1. Prices. All prices quotations for PAC products will be valid for a period of ninety (90) days, unless otherwise provided by PAC. Price quotations for spare parts, unless otherwise provided by PAC, will be valid for a period of ninety (90) days after the earlier of (i) the date of PAC's quotation to Buyer and (ii) acceptance by PAC of the Buyer's purchase order. PAC reserves the right to change the price quotation for a product to PAC's price in effect for the product at the time an order is released to final manufacture. Prices for products not manufactured by PAC will be the price of such product at the time the product is shipped to Buyer. Copies of data or documentation to be sent with a product will be identified in the quotation of PAC. Buyer may order additional copies of such data or documentation at the prices in effect at the time of such order. PAC is not responsible for errors of its employees or contractors with respect to the verbal pricing or quotation of a product and PAC will not be bound by the terms of such errors.
2. Taxes; Costs; Insurance. Quoted prices are exclusive of all city, state and federal sales, use, excise or similar taxes payable with respect to the sale, purchase, delivery, storage, processing, use, consumption or transportation of any of the products. Quoted prices exclude shipping or transportation costs or insurance costs. Prices include standard packaging only. Any special handling or packaging requests will result in additional charges to Buyer. PAC will accept valid tax exemption certificates from Buyer. However, Buyer will reimburse PAC for any taxes incurred by it on the sale of a product to the extent such tax exemption certificate proves to be insufficient to the applicable taxing authority for any reason.
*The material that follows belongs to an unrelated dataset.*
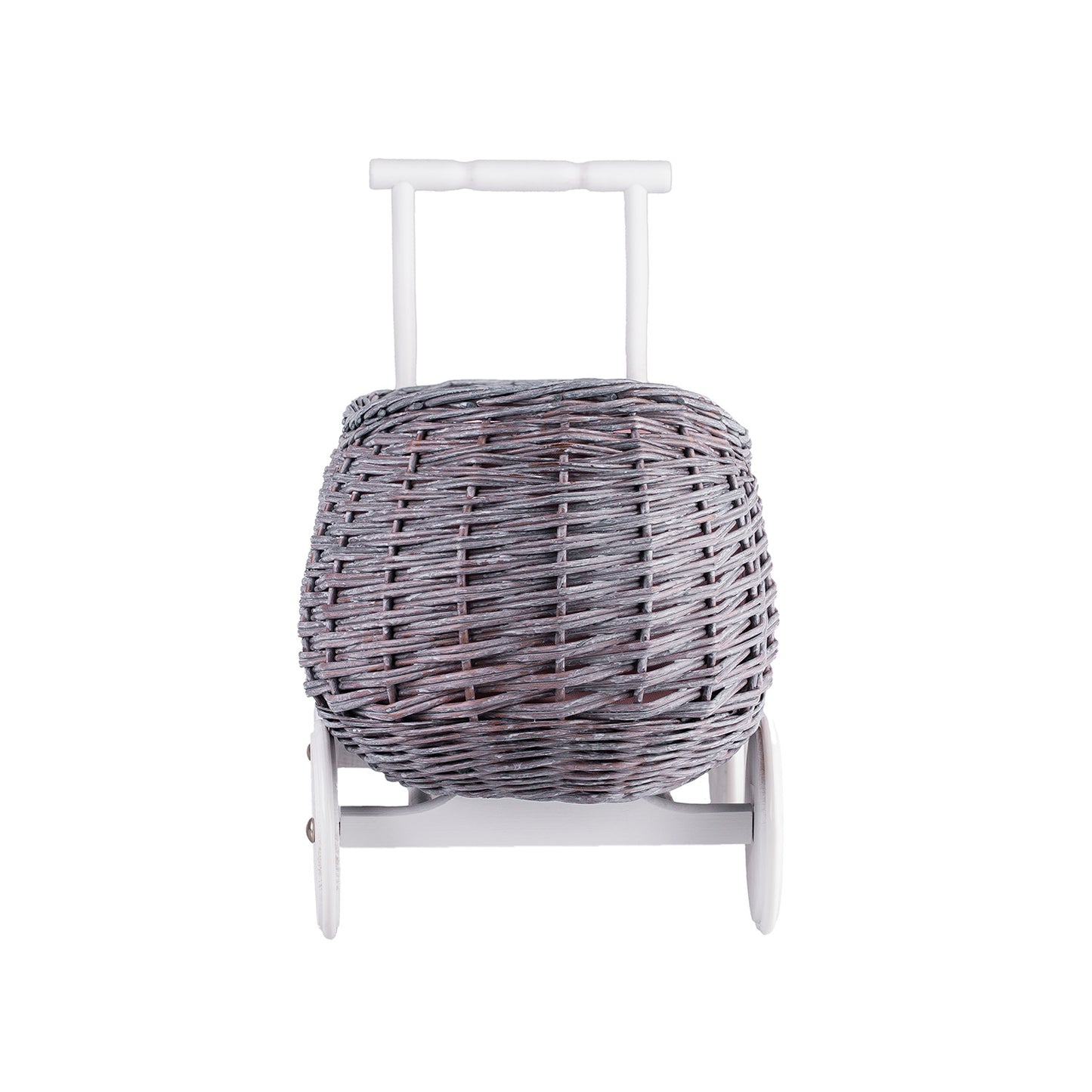 Luke gåvogn i flettet rotting med rosa fór TheWickerStories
Such reimbursement must occur within ten (10) days from the date PAC becomes aware of the invalidity of such tax exemption certificate.
3. Payment Terms. Invoices will be issued by PAC as soon as practicable after each product shipment under these Terms. Payments due PAC for products shipped and any other amounts due PAC by Buyer will be paid to PAC at its principal office in Houston, Harris County, Texas. Unless otherwise agreed to in writing, all invoices will be payable net cash, thirty (30) days from the date of invoicing, assuming Buyer has credit references acceptable to PAC, as determined by PAC in its sole discretion. At PAC's option, Buyer may make payment with an irrevocable letter of credit confirmed by PAC's bank or another major bank as is acceptable to PAC, as determined by PAC in its sole discretion. Whether payment is by cash or irrevocable letter of credit, all payments to PAC must be in U.S. Dollars.
4. Suspended Delivery. PAC may suspend or discontinue delivery of any further products to Buyer if Buyer fails to make a payment to PAC for either the product to be delivered or any products previously delivered. Suspended or discontinued delivery will continue until PAC receives full payment therefor from Buyer or if PAC receives assurances adequate to PAC of performance from Buyer.
5. Right of Setoff. PAC will have the right to setoff and apply any funds received from Buyer for the benefit of any other overdue accounts or amounts owed to PAC by Buyer.
6. Late Payments. Any amounts not properly paid to PAC in accordance with Section II.3. will be deemed by PAC to be late and such overdue amounts will accrue interest at the rate of ten percent (10%) per annum. If any overdue amounts have been handed over to an attorney for their collection, Buyer will reimburse PAC for all costs of collection and associated attorneys' fees (with such costs and fees being not less than thirty percent (30%) of the total overdue amount payable).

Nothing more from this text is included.